Broken down demographically, results showed that men rolled over more money than women, whites have higher rollover amounts than minorities, and the youngest and oldest adults had the largest rollover amounts in 2009. In addition, rollover amounts were found to increase with household income and education, and individuals with single coverage were found to have rolled over a slightly higher amount than those with family coverage. There was, however, no statistically significant difference observed in rollover amounts by health status, although individuals who smoke were found to have higher rollover amounts than those who do not and obese individuals were found to have average lower amounts than nonobese individuals.

Businesses See Growth Ahead But Slow Recovery In Hiring And Benefits

Most chief financial officers (CFOs) at U.S. companies foresee strong business spending and earnings growth over the next 12 months, but a majority report limited plans to hire over the next year and expect wages and benefits to recover more slowly than earnings due to continued difficulties in accessing credit, according to the findings of a survey conducted in June by Duke University and CFO magazine.

The quarterly Duke University/CFO Magazine Global Business Outlook Survey asked 1,102 CFOs from a broad range of public and private companies about their expectations for the economy. Results showed that, over the next 12 months, U.S. CFOs expect earnings to rise 12%, capital spending to grow by 9%, and research and development and tech spending to increase 4% to 6%.

At the same time, however, the U.S. CFOs reported plans to increase domestic employment by an average of just under 1% during the next 12 months, with nearly 60% saying they expect it will be 2012 or later before employment at their organizations returns to levels before the economic downturn. The findings also indicated that less than half of respondents at companies that cut employment packages expect to restore bonuses, overtime, employee training and development, retirement benefits, or health benefits to their previous levels during the next year.
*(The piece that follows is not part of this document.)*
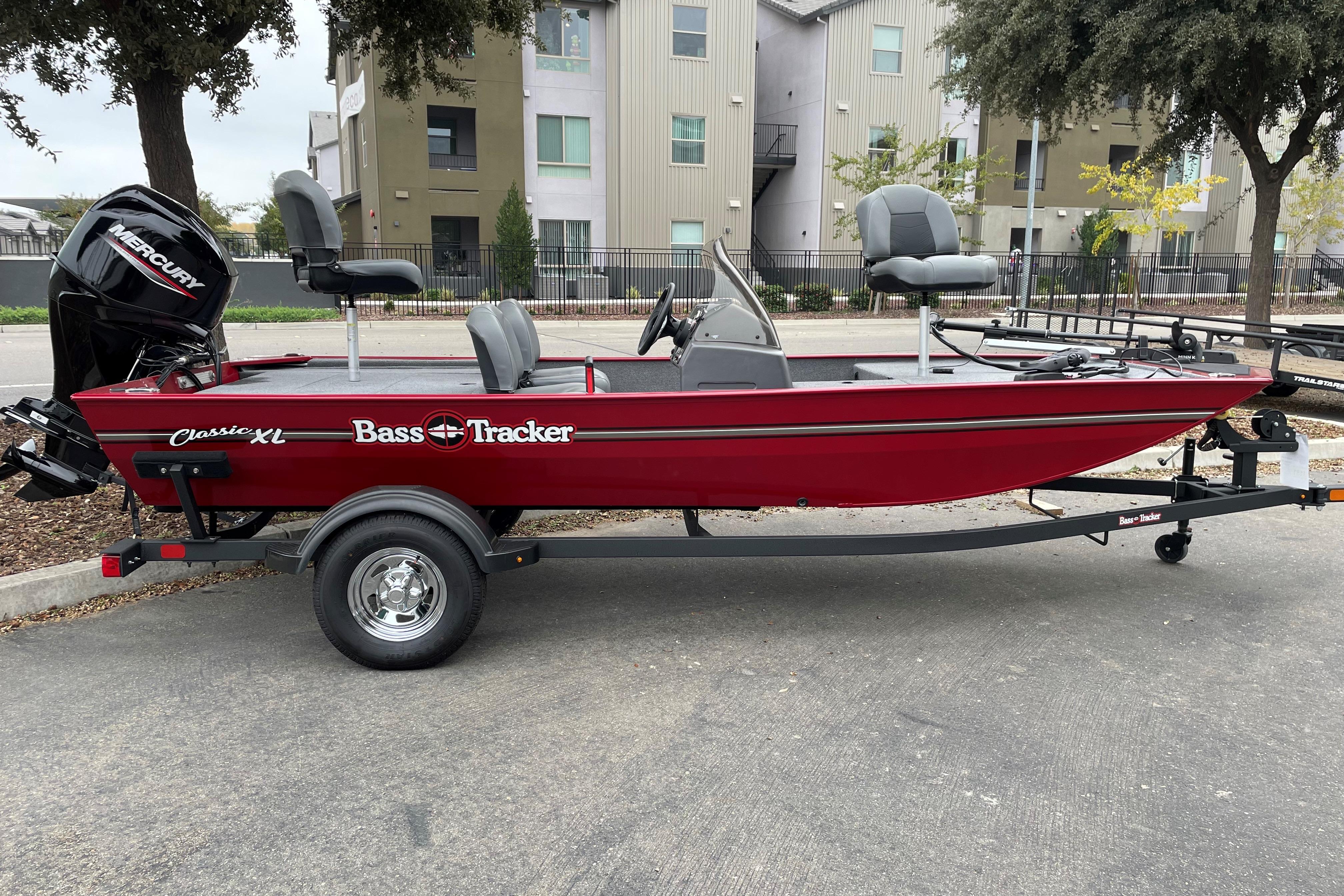 Tracker Bass Tracker Classic XL 2025 Tracker Bass Tracker Classic XL boat, red, parked on trailer, outdoor setting.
On a more positive note, about half of respondents said they anticipate that their company will restore wages and weekly work hours over the next 12 months.

Overall, researchers said, CFO optimism has improved slightly but remains below long-run averages, with U.S. and European optimism significantly lagging behind Asian optimism. Researchers also noted that CFOs based in the United States appear to be uncertain about whether credit conditions are improving, as the poll found roughly an equal split between executives who claim that credit conditions have tightened and those who report that credit has eased. CFOs at the smallest companies (100 or fewer employees) were found to be most concerned about their access to credit.
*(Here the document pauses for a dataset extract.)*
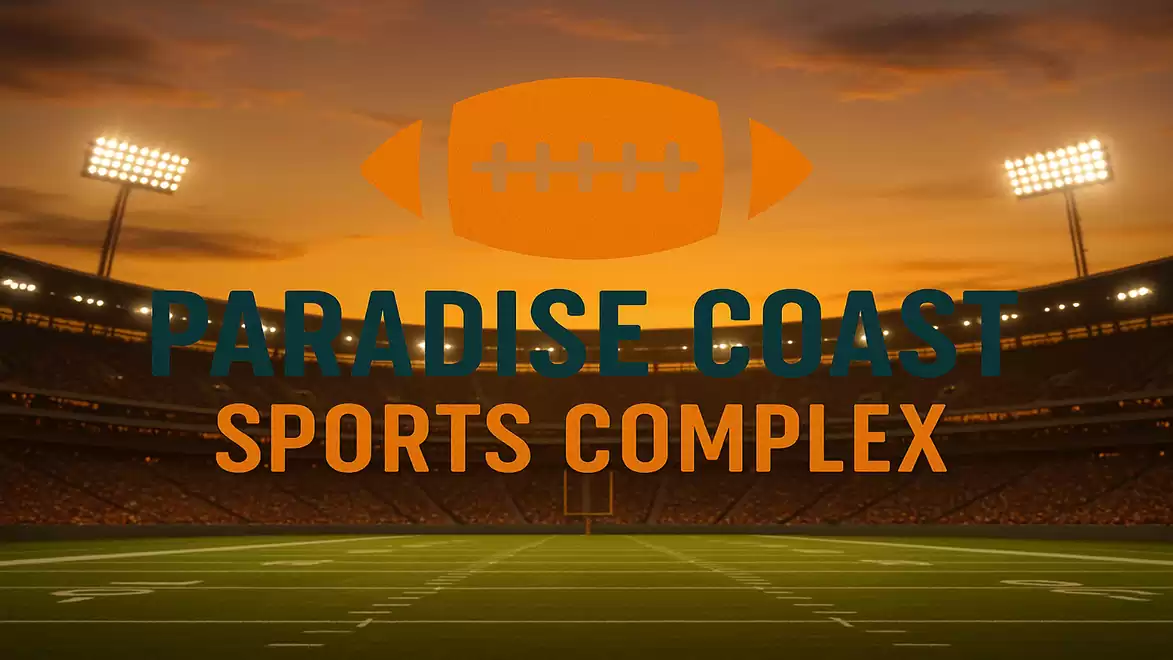 A football stadium at sunset with the words 'Paradise Coast Sports Complex' in the foreground.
When asked to identify their main, economy-wide concerns, U.S. CFOs cited weak consumer demand, Federal government policies, price pressure, and global financial instability. When asked about their top concerns regarding their own businesses, respondents mentioned maintaining profit margins and low employee morale. Researchers also observed that health care costs have reappeared among the top four concerns for U.S. companies, with corporate health care expenditures anticipated to rise 8% over the next year.

"CFOs have a lot to be concerned about right now, both inside their companies and in the broader global economy," said Kate O'Sullivan, senior editor at CFO magazine. "Financial officers tell us they are wary about credit market conditions, liquidity at their own firms, and financial instability in Europe."

The information contained in this newsletter is for general use, and while we believe all information to be reliable and accurate, it is important to remember individual situations may be entirely different. The information provided is not written or intended as tax or legal advice and may not be relied on for purposes of avoiding any Federal tax penalties. Individuals are encouraged to seek advice from their own tax or legal counsel. This newsletter is written and published by Liberty Publishing, Inc., Beverly, MA. Copyright © 2010 Liberty Publishing, Inc. All rights reserved.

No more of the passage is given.